I revisited Olga’s baptism record and I could see the name Hansine Olsdatter in the section for parents, but I still couldn’t understand the rest of it. I searched through lots of information on Norwegian baptism records and had a few different translations done of the baptism record, but her father’s identity still is a mystery.
Olga’s baptism record reads “Born on December 30, 1988, and christened Olga Matilde on January 20, 1889. The father is listed as bachelor Hagbart Edvardsen Ringstad, cottar’s daughter maiden Hansine Olsdatter Kroken. Hansine gave the name of the father’s daughter as bachelor servant Ole Olsen Enerud. Father’s location: Vestre Aker. Mother’s location: cottar’s farm called Kroken. Father was born in 1864, mother was born in 1868. Godparents: Farmer’s wife Anna Kristiansdatter Myrvold, farmer’s daughter Bolette Hansdatter Nyhus, Edvin Kristian Olsen Kroken, farm hand Anders Johansen Myrvold, and servant Gulbrand Olsen Kroken.
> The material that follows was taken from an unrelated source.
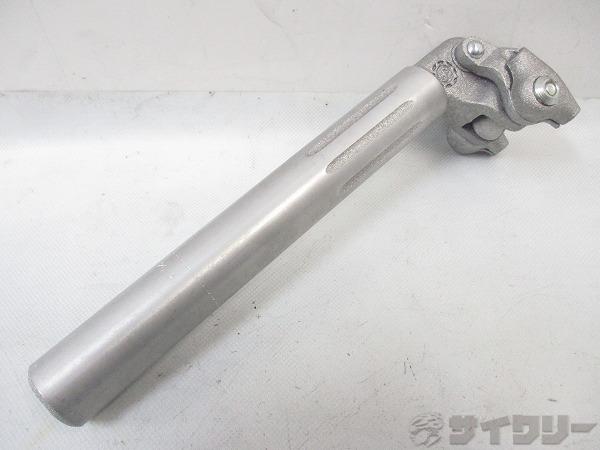 シートポスト シルバー 26.2/210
Birth was illegitimate. (The father’s 2nd illegitimate child (the 1st with cottar’s daughter Pauline Petersdatter Bakken, the child Petra (12th birth in 1888) born August 9, 1988))”
So is Hagbart Edvardsen Ringstad or Ole Olsen Enerud the father of Olga? I asked my translators if they’d ever seen anything like this in Norwegian parish records and they said they had not. Our conclusion was that Sina (Hansine) had told them that Ole was the father and they (being the church or her family or the men involved) believed that Hagbart was the father. The only thing that will really solve the mystery is DNA. Ole was the father of the illegitimate child Petra, daughter of Pauline Petersdatter Bakken, I’m currently tracing both Hagbart and Ole’s family trees to find a descendant so I can hopefully compare DNA results with them.
Really, it makes sense why Olga wasn’t a very cheerful and happy person. She was born into such an odd situation where it wasn’t clear who her father was. Her half-siblings from her mom’s marriage to Johan Elstad were prettier and more petite than Olga. I can understand how the entire thing can make someone unhappy and bitter. I’ve never had a bad impression of Olga, but now I have even more sympathy with her. As much of a mess that her birth is on paper, I’m sure it was a much bigger mess in real life. Happy 126th birthday, Olga! I like to think she’d appreciate that people today are trying to understand her life.